An excellent illustration of the importance of these relationships among sectors is the importance to U.S. firms in the computer and semiconductor industries of their proximity to demanding, innovative users in a large domestic market. In addition, the rapid growth of desktop computing in the United States was aided by imported desktop systems and components, which kept prices low. It also propelled adoption of this technology at a faster pace than in most Western European economies or in Japan, where trade restrictions and other policies kept prices higher. The rapid adoption of desktop computing contributed to the growth of a large packaged software industry, which U.S. companies continue to dominate.
This virtuous circle was aided further by the restructuring and gradual deregulation of the U.S. telecommunications industry that began in the 1980s. The result was the entry of numerous providers of specialized and value-added services, which created fertile terrain for the rapid growth of companies supplying hardware, software, and services in computer networking. This trend benefited the U.S. computer industry, the U.S. semiconductor industry, and the domestic users (both manufacturing and nonmanufacturing companies) of products and services produced by both. These and other intersectoral relationships are of critical importance to understanding U.S. economic and innovative performance at the aggregate and industry-specific levels.

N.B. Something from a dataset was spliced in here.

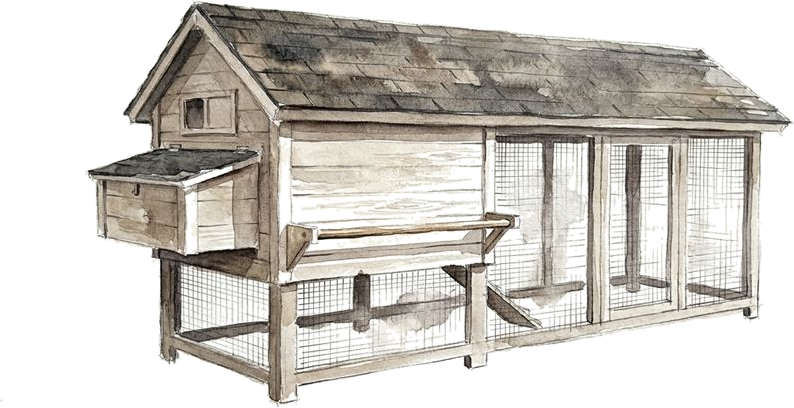 Watercolor of the Precision Pet Extreme Hen House by Precision Pet Products, painted for the studio
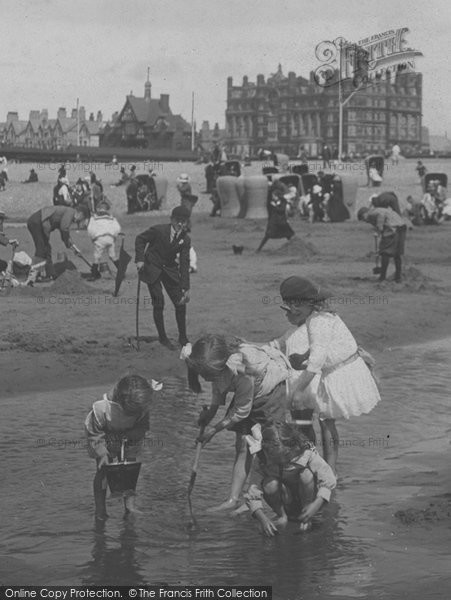 Photo of St Anne's, Children Playing On The Beach 1914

Diffusion of information technology, which has made possible the development and delivery of new or improved products and services in many of these industries, appears to be increasing the basic requirements of many jobs that formerly required minimal skills. These technologies place much greater demands on the problem-solving, numeracy, and literacy skills of employees in trucking, steel fabrication, banking, and food retailing, to name only a few. Trucking, for example, now relies heavily on portable computers operated by truck drivers and delivery personnel for monitoring the flow and content of shipments. Workers in these industries may have adequate job-specific training, but they face serious challenges in adapting to these new requirements because of weaknesses in the basic skills now required.

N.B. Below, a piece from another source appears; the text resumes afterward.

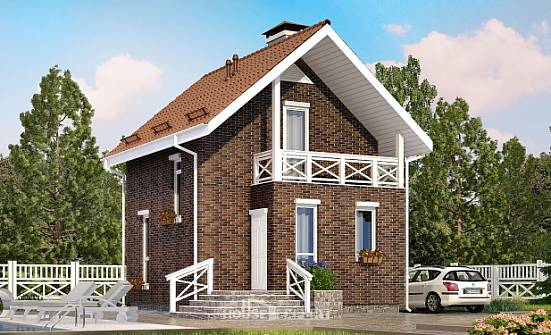 045-001-Л Проект двухэтажного дома мансардный этаж, скромный загородный дом из газосиликатных блоков Советск | Проекты домов от House Expert
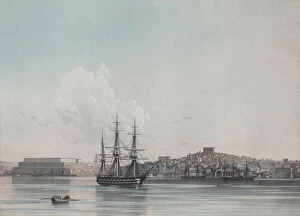 Aivazovsky Collection: New Marine Barracks and Inner Harbor of Sevastopol, 1850s. Artist: Aivazovsky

But the adoption and effective implementation of new technologies also place severe demands on the skills of managers and white-collar workers. Not only do managers need new skills, including the ability to implement far-reaching organizational change, but in industries as diverse as computing or banking, they face uncertainty about the future course of technologies and their applications.
Nontechnological factors such as trade and regulatory policy, the environment for capital formation and corporate governance, and macroeconomic policy all play important roles in industrial performance too, especially over the long run. One of the most important is macroeconomic policy, which affects the entire U.S. economy yet rarely figures prominently in sectoral analyses. Both monetary and fiscal policy have been less inflationary and less destabilizing during the 1990s than during the 1980s. Although the precise channels through which the macroeconomic environment influences the investment and strategic decisions of managers are poorly understood, these “micro-macro” links appear to be strong. They suggest that a stable noninflationary macroeconomic policy is indispensable for improved competitive performance.

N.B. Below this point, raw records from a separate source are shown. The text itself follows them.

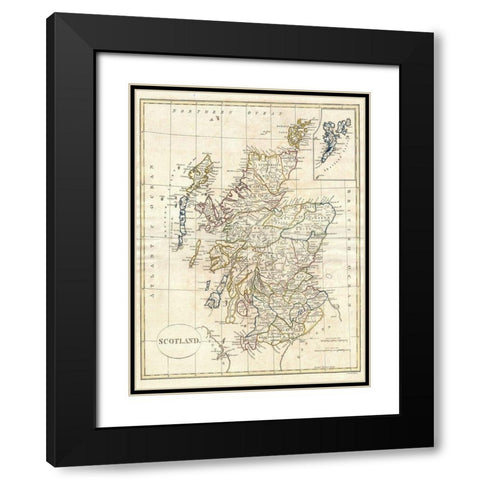 Map of Scotland Black Modern Wood Framed Art Print with Double Matting by Sproul, Dan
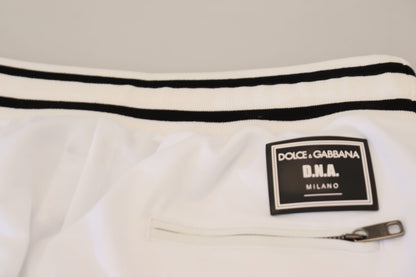 White Polyester Trousers D.N.A. Milano Pants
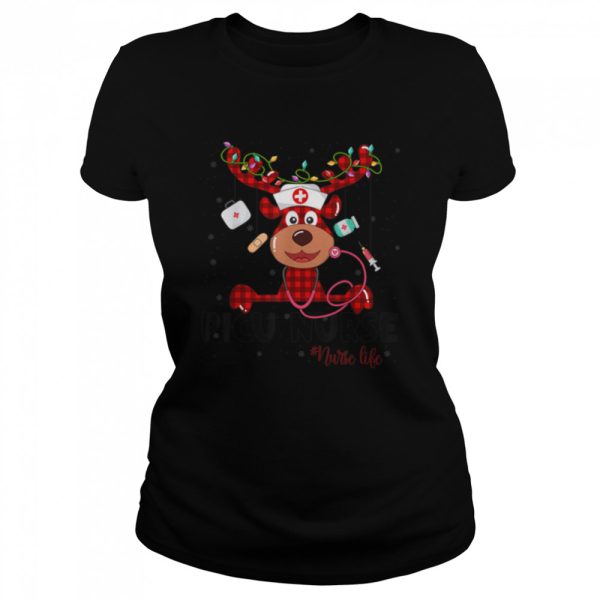 Red Plaid PICU Nurse Life Reindeer Nurse Christmas T-Shirt B0BKLF7G45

Another common element that has strengthened competitive performance, especially in the face of strong foreign competition, is rapid adaptation to change. U.S. companies in several of these industries have restructured their internal operations, revamped existing product lines, and developed entirely new product lines, rather than continuing to compete head-to-head with established product lines. Many of the factors cited by the MIT Commission and other studies as detrimental to U.S. competitiveness, such as the entry of new companies into the semiconductor industry or pressure from capital markets to meet demanding financial performance targets, actually contributed to this ability to change. In some cases, efforts by U.S. companies to reposition their products and strategies were criticized for hollowing out these enterprises, transferring capabilities to foreign competitors and/or abandoning activities that were essential to the maintenance of these capabilities. To a surprising degree, these prophecies of decline have not been borne out.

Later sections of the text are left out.